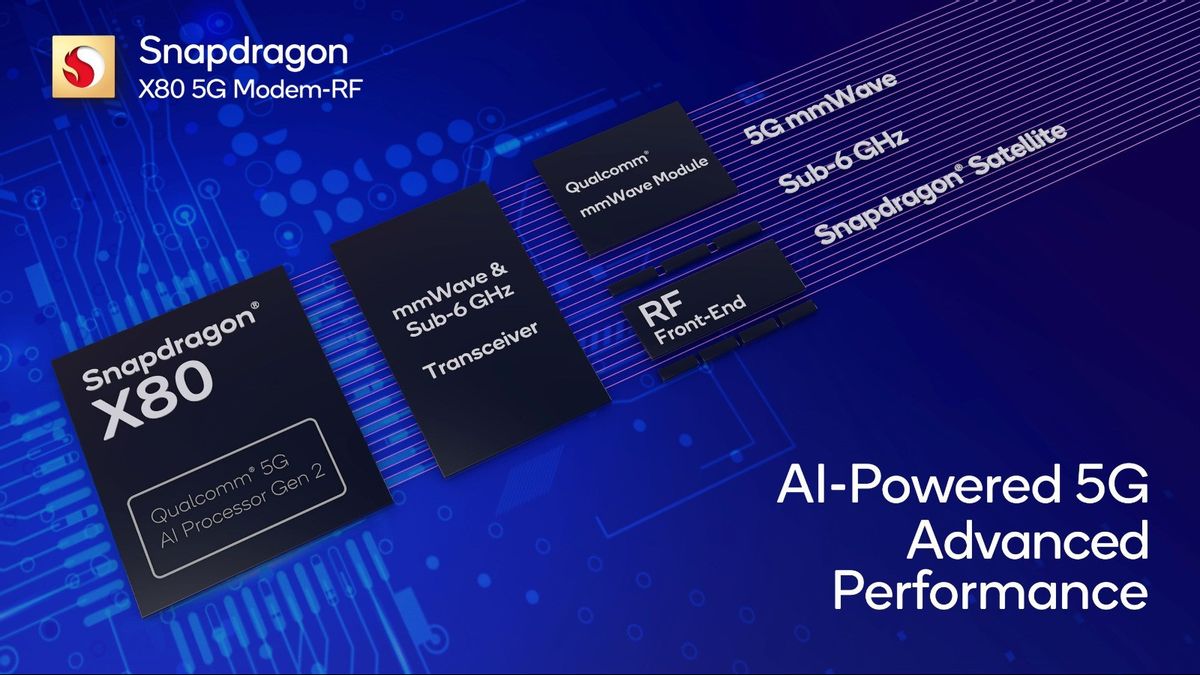 كوالكوم تقدم Snapdragon X80 5G مودم نظام RF-System بدعم الذكاء الاصطناعي
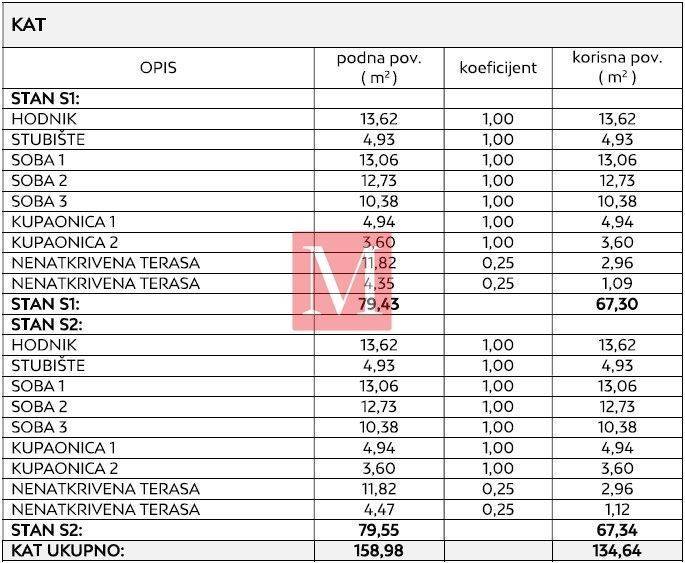 Vila, Prodaja, Privlaka, Privlaka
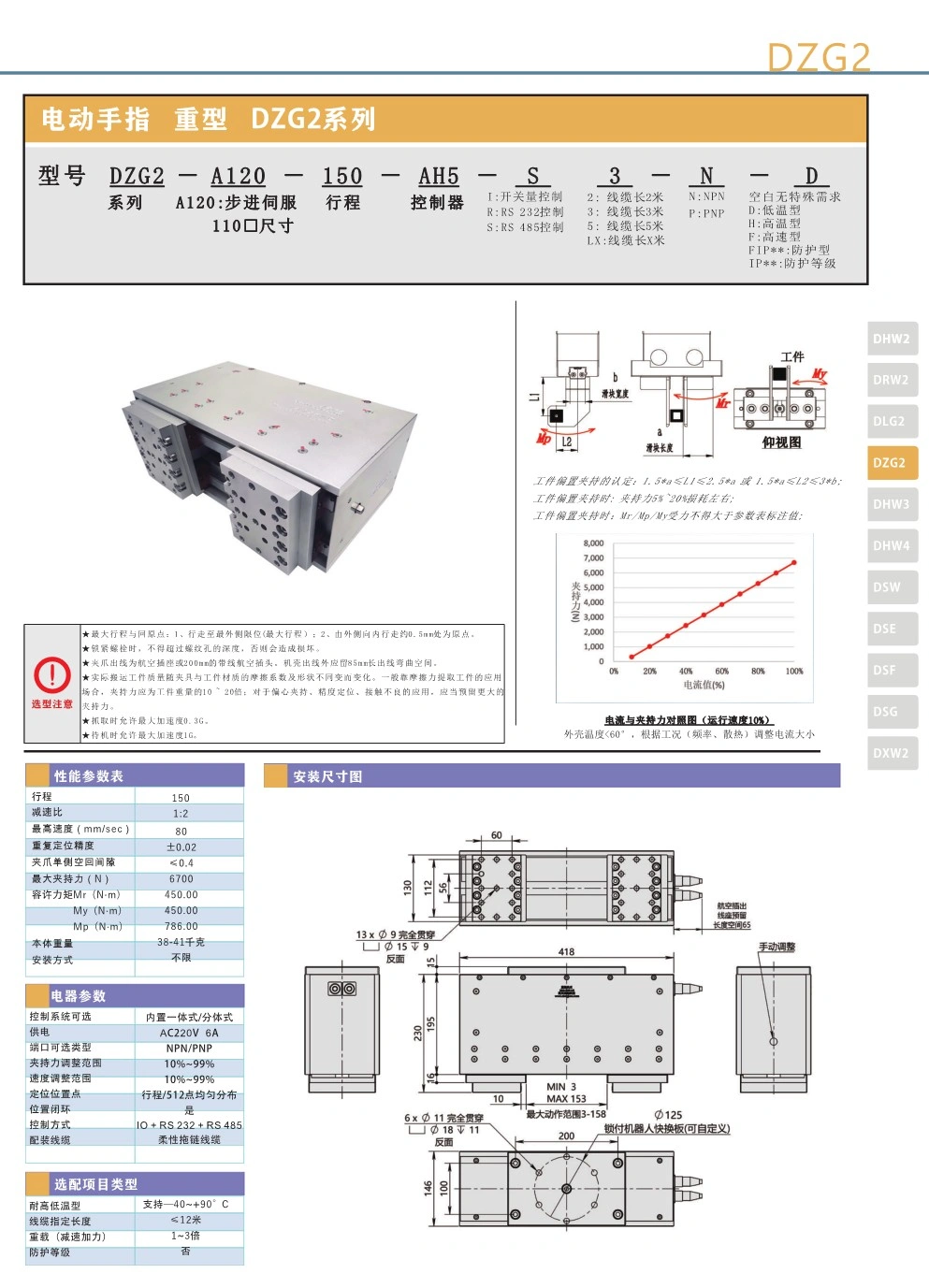 二指重载伺服电动夹爪DZG2-A120-150.jpg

________________

### Exercise description
A verbatim copy of the material is needed; pictures are not to appear in it.

### Response
 كوالكوم تقدم Snapdragon X80 5G مودم نظام RF-System بدعم الذكاء الاصطناعي
 Vila, Prodaja, Privlaka, Privlaka
 二指重载伺服电动夹爪DZG2-A120-150.jpg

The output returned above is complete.